Series: Northwest Passage #1
Published by Self-Published on 12th February 2012
In 2000, Joel Smith is a cocky, adventurous young man who sees the world as his playground. But when the college senior, days from graduation, enters an abandoned Montana mine, he discovers the price of reckless curiosity. He emerges in May 1941 with a cell phone he can't use, money he can't spend, and little but his wits to guide his way. Stuck in the age of Whirlaway, swing dancing, and a peacetime draft, Joel begins a new life as the nation drifts toward war. With the help of his 21-year-old trailblazing grandmother and her friends, he finds his place in a world he knew only from movies and books. But when an opportunity comes to return to the present, Joel must decide whether to leave his new love in the past or choose a course that will alter their lives forever. THE MINE follows a humbled man through a critical time in history as he adjusts to new surroundings and wrestles with the knowledge of things to come.
The first few chapters of The Mine started off a little shaky for me. I wasn’t a fan of Adam, Joel’s best friend, and I wasn’t completely sold on Joel either. However, as the story progressed, Joel became a much stronger character, and I found myself completely invested into his story. I think my favourite thing about Joel was the fact that he was smart. When he finds himself transported back to the 1940’s (thanks to the mysterious mine), he didn’t pity himself over his ‘misfortune’. Instead, he tried to find a way back home to 2000, and when it became apparent that that wasn’t going to happen any time soon, he then tried to find a way to support himself in the 1940’s by hopping a train to Seattle. It was refreshing to see someone just accept that they had travelled back in time instead of making a complete fool of themselves. I also liked that when he realised he could use his knowledge of the future to earn himself some money, he did just that. Whilst it’s not honest, it was a very clever way to earn himself some money.

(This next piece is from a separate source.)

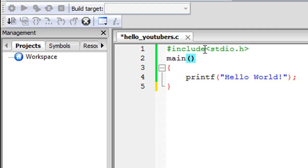On line two, you see the keyword 'main' followed by parentheses. Main is also a function, and it's where execution of the program begins. Whatever code is present between the curly braces of main is the code that gets executed first. In this program we have just one statement — printf on line four. If your C program has more than one function, main is always the one that gets executed first. For now, just know that you must include main in your C programs or they won't work.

Alongside Joel, the rest of the characters from the 1940’s shone. I absolutely adored Tom, a guy who Joel saves from getting a beating, and I loved how kind-hearted he was. He didn’t have to take Joel in, but he did. Nor did he really have to introduce Joel to Ginny and her friends, but he did. Tom was one of my favourite characters, purely because he was an all-around great guy, and my heart ached when I found out what would eventually happen to him. Ginny, Joel’s grandmother, was introduced in a clever way, and knew better than to take Joel at face-value, which made sure Joel was kept on his toes all the time! Grace’s introduction was possibly one of my most favourites ever. Admittedly, I did at first think that this was Joel’s grandmother, but I was quickly proved wrong, and we were able to watch Grace and Joel fall in love. This wasn’t without it’s problems, of course, as Grace was engaged, and had to choose between two men. I also thought that the significance of Katie’s character was great, especially towards the end of the book.
I don’t want to give anything away about the end, but I can safely say that it was absolutely brilliant! I thought it was a really smart way of ending the story, and tied up a few loose-ends that we had remaining. This novel was cleverly written, as most of the parts that were included all held a relevance to another part of the story, or linked two characters up together.
This was my first foray into the world of self-publishing, and whilst this book isn’t perfect, it is most certainly a great and enjoyable read!